L’ŒIL DU HIBOU d’ANDRÉ MAJOR est publié chez BORÉAL ÉDITEUR.


PROCHAINE CHRONIQUE : LA VIE EST DOMMAGE de JACK KEROUAC est paru chez BORÉAL ÉDITEUR.


http://www.editionsboreal.qc.ca/catalogue/livres/oil-hibou-2541.html

jeudi 9 février 2017

Christiane Lahaie cherche au-delà des apparences

AMÉLIE A COMMIS L’IRRÉPARABLE. L’adolescente s’est laissée prendre par un manipulateur qui a profité de sa naïveté et de son besoin d’attention. Elle a dévoilé ses seins devant l’écran de son ordinateur et l’image a fait le tour de son école. La jeune fille doit se refaire une santé mentale chez sa tante qui l’héberge. Un facteur à la retraite, pour payer ses dettes de jeu, accepte de livrer un colis. Sa démarche n’aboutira jamais parce que le destinataire est introuvable et que l’édifice, où il travaille, est un véritable labyrinthe. Une femme, nue sur le toit d’un édifice du centre-ville, menace de sauter dans le vide et paralyse toutes les activités du secteur. Une journée comme les autres dans un monde cruel où chacun est prisonnier de sa solitude.

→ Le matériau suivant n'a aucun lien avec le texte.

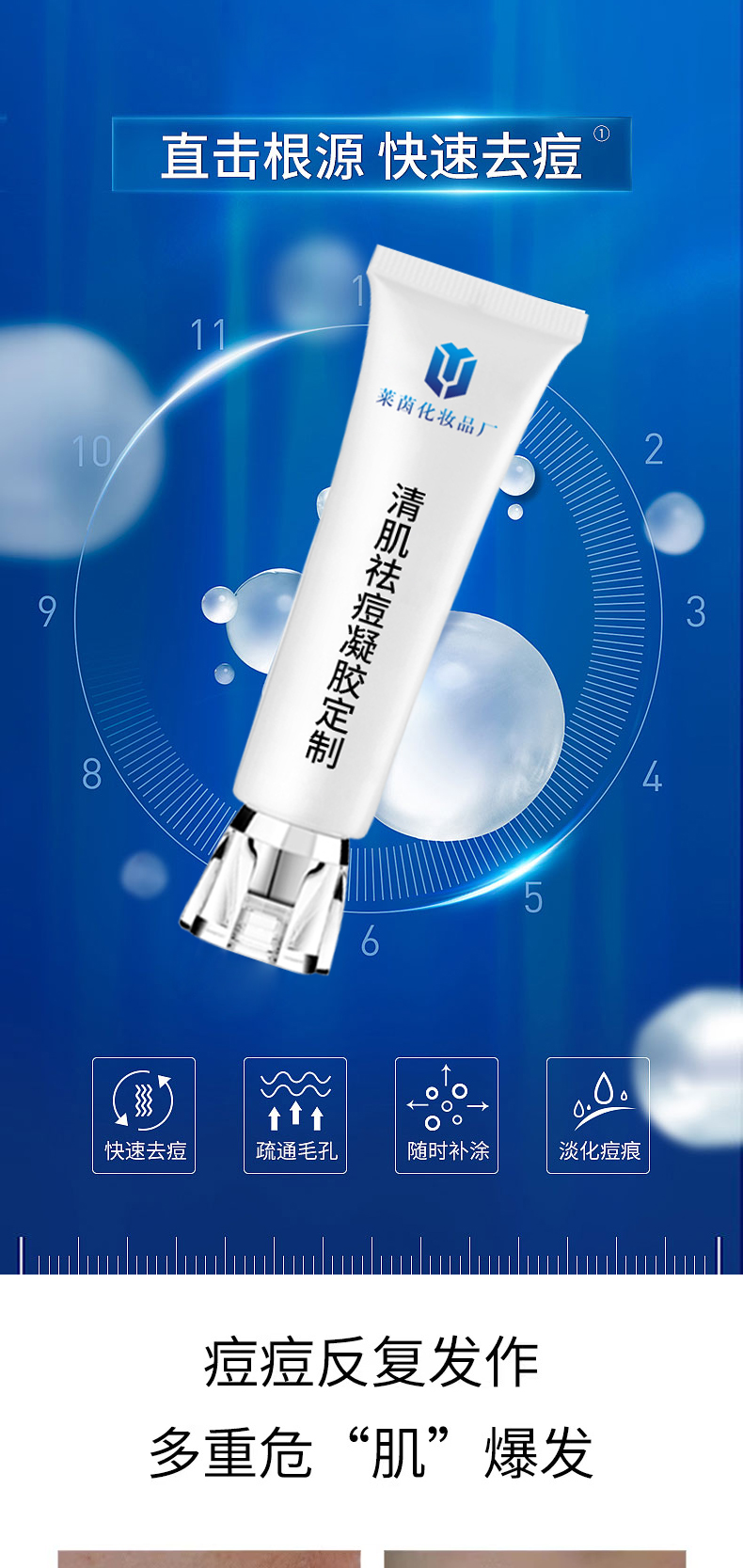 清肌祛痘凝胶详情页_01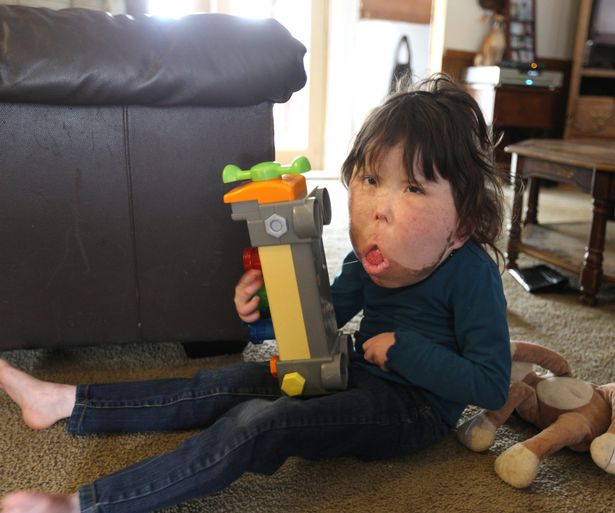 be gai 9 tuoi mac chung benh la lung khong ten trai qua vo so cuoc phau thuat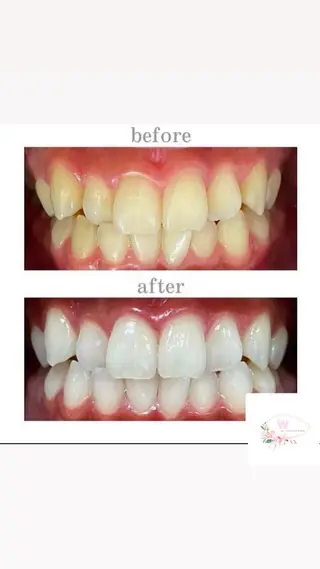 ホワイトニングショップ本厚木所属・ホワイトニング ショップ本厚木のその他イメージ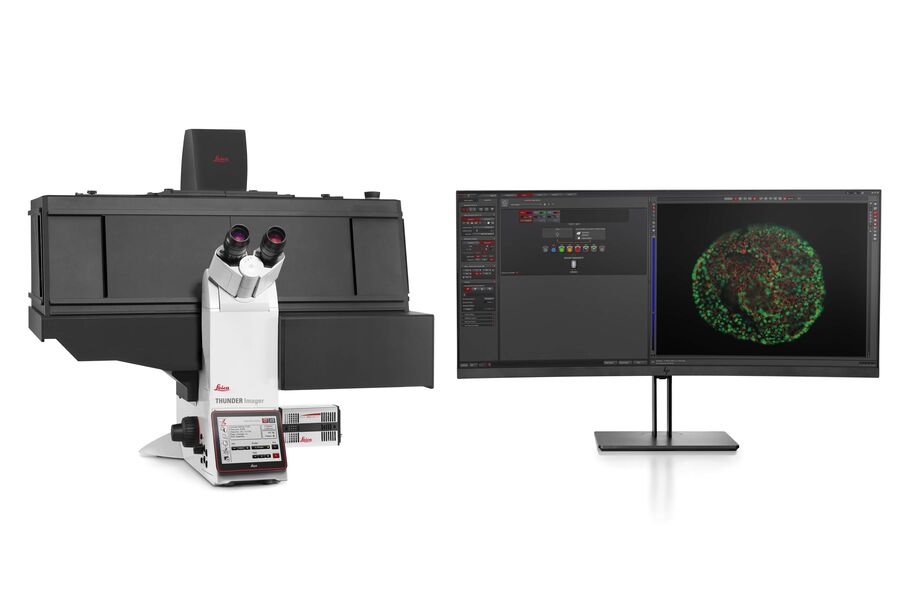 THUNDER Imager Live Cell with incubator. The cage incubator (transparent, black or as laser-safe variant) for warm air incubation and optional CO2-control covers the entire microscope.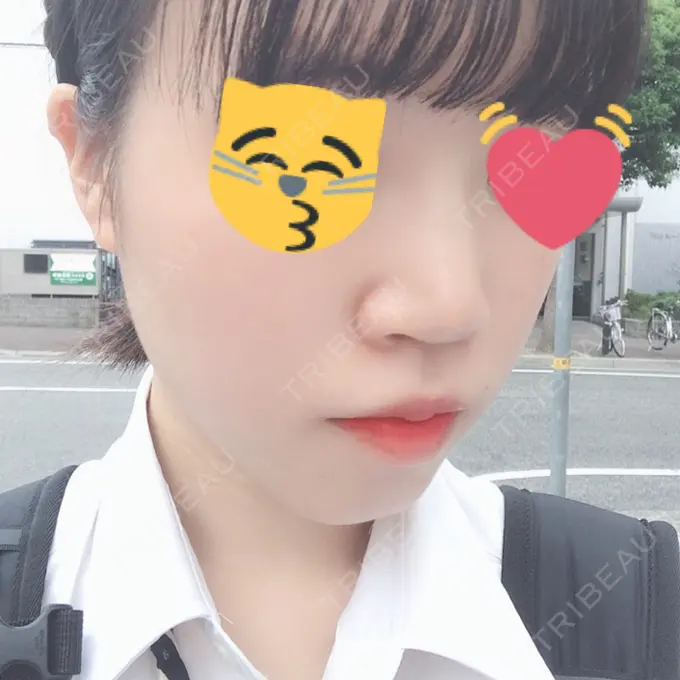 ヒアルロン酸注入（鼻） 東京ヒルズクリニック 岡崎院 DAY 6 メイン用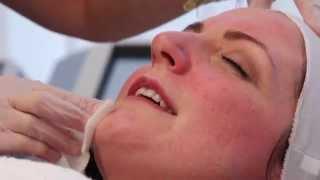 Skin Matrix offer the Peeling Act from Dr Jules Nabet range - Hear all about it on this video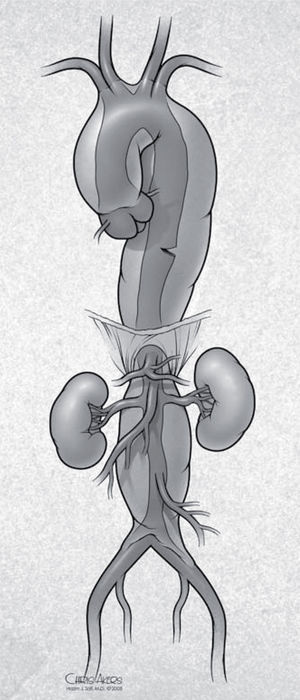 Retrograde dissection is defined as an intimal tear distal to the transverse arch with retrograde extension into the ascending aorta.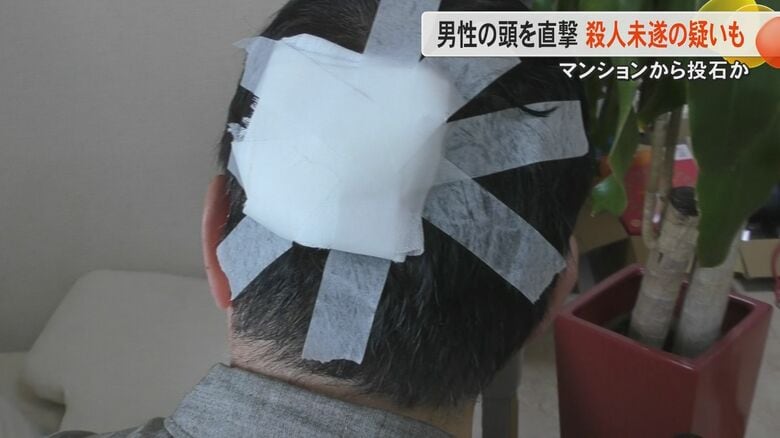 【続報】「血まみれになって倒れた」熊本市中央区のマンションで何者かが石落としたか　頭に直撃した男性に単独インタビュー｜FNNプライムオンライン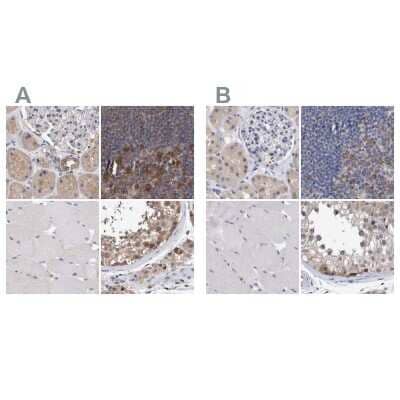 <b>Independent Antibodies Validation. </b>Immunohistochemistry-Paraffin: PURL Antibody [NBP1-84692] - Staining of human kidney, lymph node, skeletal muscle and testis using Anti-PFAS antibody NBP1-84692 (A) shows similar protein distribution across tissues to independent antibody NBP1-84691 (B).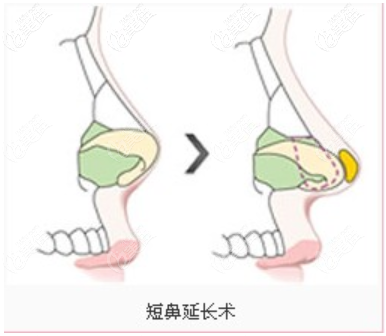 短鼻延長(zhǎng)圖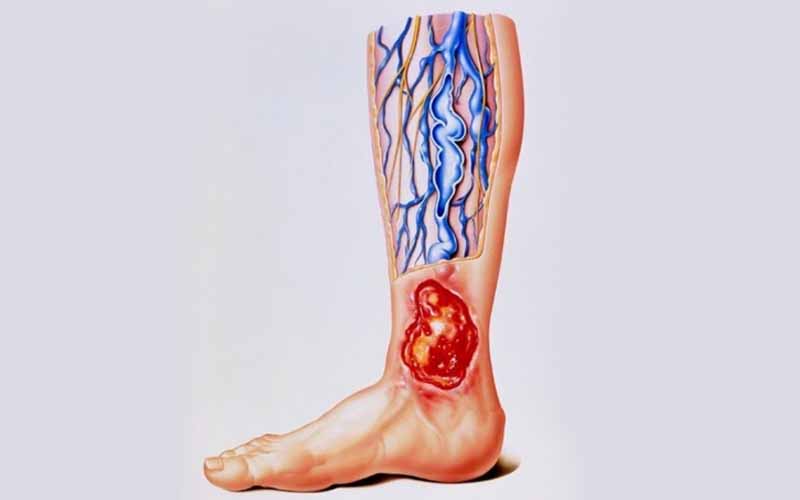 Venous Ulcers Illustration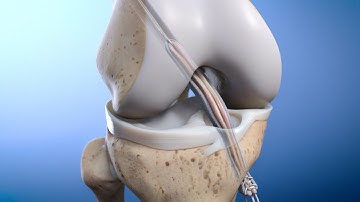 Tendon Repair | MOA Animation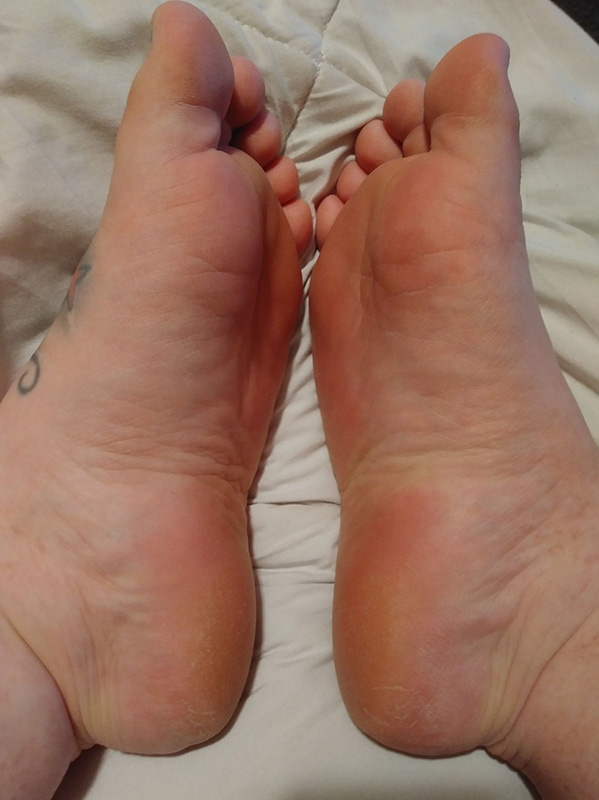 Week 3 of using Suzotic Hand and Foot Advanced Skin Care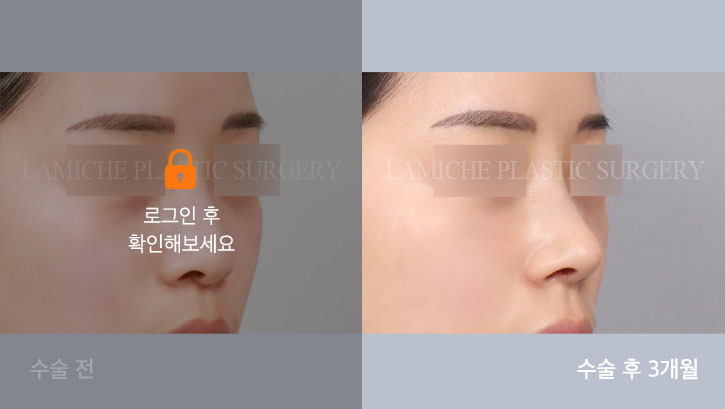 sub6_31627_45도off #image_title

Le titre du roman de Christiane Lahaie, Parhélie ou Les corps terrestres, est intrigant. Parhélie signifie « tache lumineuse due à la réflexion des rayons solaires sur un nuage de cristaux de glace ». Une sorte d’illusion en somme qui peut nous fait croire à l’existence d’une chose ou d’un être qui n’existe pas. Voilà qui en dit long sur le texte de madame Lahaie qui s’attarde aux reflets qui ne cessent d’attirer l’attention pendant que les « corps terrestres » poursuivent leur course dans la plus terrible des solitudes.
Abele Seraphini est un solitaire qui ne cesse de fuir et de se dérober. Il cherche le destinataire d’un colis qui change continuellement de lieu et d’occupation. Un véritable courant d’air qui disparaît avec le matin pour surgir dans le soir. Il est « l’ange annonciateur » qui ne trouve pas sa direction.
Amélie, après son geste impulsif, est devenue celle que l’on pointe du doigt. Elle souhaitait un peu d’attention, un regard qui lui disait qu’elle existe, qu’elle peut être belle dans le regard d’un autre. Elle a attiré tous les yeux et sa vie est devenue un enfer.
Et il y a cette femme sur le toit d’un édifice qui délire dans le soleil et qui ne sait plus qui elle est. Elle pense s’envoler peut-être, échapper à son corps après une épreuve qui lui a broyé l’esprit.
Chacun tente de trouver quelqu’un, de retenir son attention. Parce que ce n’est pas tout de vivre. Il faut des liens avec ses semblables, sentir une main ou une épaule de temps en temps.
Devenir quelqu’un dans notre époque n’est pas une mince affaire. Il y a tellement de sollicitations, de cris pour attirer l’attention, créer l’illusion. Que dire de ces émissions de radio où les gens appellent pour parler du sujet du jour et devenir quelqu’un. On a même fait appel aux auditeurs, dernièrement dans une station de Québec, pour leur demander si un homme devait uriner debout comme un vrai mâle ou s’asseoir…
Ça peut expliquer peut-être le succès des médias sociaux. Chacun imagine devenir quelqu’un. Les plus fragiles posent des gestes désespérés avec Amélie ou profèrent des grossièretés qui peuvent les suivre longtemps. Notre époque est fertile en assertions et recettes où le bonheur est assuré. Les médias martèlent la vérité et la discussion, malgré tous les sparages, n’intéresse personne. Ce qui importe, c’est ce moi qui a tout à dire. Et si tu deviens le sujet d’une véritable curée, la vie est impossible.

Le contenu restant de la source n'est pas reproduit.